* _Assigned task_
From the records below, transcribe exactly the lines that begin at the line with "Keiko_Naoko-Art-Japanの海のシンフォニー Mug :right" and end at the line with "FIAT 595C 1.4", both included.

........

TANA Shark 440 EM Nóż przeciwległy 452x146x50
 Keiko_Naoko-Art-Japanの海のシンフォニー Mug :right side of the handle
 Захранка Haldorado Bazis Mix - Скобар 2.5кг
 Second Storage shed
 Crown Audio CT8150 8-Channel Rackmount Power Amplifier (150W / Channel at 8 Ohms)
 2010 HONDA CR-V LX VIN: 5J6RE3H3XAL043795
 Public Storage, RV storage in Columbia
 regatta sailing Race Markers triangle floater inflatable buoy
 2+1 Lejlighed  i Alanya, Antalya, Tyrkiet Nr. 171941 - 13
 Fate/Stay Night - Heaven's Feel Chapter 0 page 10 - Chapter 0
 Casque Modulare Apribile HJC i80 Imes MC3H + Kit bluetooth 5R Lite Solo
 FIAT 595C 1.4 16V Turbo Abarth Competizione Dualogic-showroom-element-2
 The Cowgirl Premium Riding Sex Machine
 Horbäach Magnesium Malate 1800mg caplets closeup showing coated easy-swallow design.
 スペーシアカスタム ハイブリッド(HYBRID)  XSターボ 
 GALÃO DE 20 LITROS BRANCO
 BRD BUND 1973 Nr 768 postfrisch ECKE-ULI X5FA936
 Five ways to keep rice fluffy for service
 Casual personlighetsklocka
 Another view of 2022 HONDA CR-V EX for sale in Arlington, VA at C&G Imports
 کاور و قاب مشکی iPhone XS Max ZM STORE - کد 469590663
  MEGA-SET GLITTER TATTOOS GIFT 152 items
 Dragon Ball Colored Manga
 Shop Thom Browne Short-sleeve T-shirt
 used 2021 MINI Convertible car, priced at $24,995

........

* _Your response_
 Keiko_Naoko-Art-Japanの海のシンフォニー Mug :right side of the handle
 Захранка Haldorado Bazis Mix - Скобар 2.5кг
 Second Storage shed
 Crown Audio CT8150 8-Channel Rackmount Power Amplifier (150W / Channel at 8 Ohms)
 2010 HONDA CR-V LX VIN: 5J6RE3H3XAL043795
 Public Storage, RV storage in Columbia
 regatta sailing Race Markers triangle floater inflatable buoy
 2+1 Lejlighed  i Alanya, Antalya, Tyrkiet Nr. 171941 - 13
 Fate/Stay Night - Heaven's Feel Chapter 0 page 10 - Chapter 0
 Casque Modulare Apribile HJC i80 Imes MC3H + Kit bluetooth 5R Lite Solo
 FIAT 595C 1.4 16V Turbo Abarth Competizione Dualogic-showroom-element-2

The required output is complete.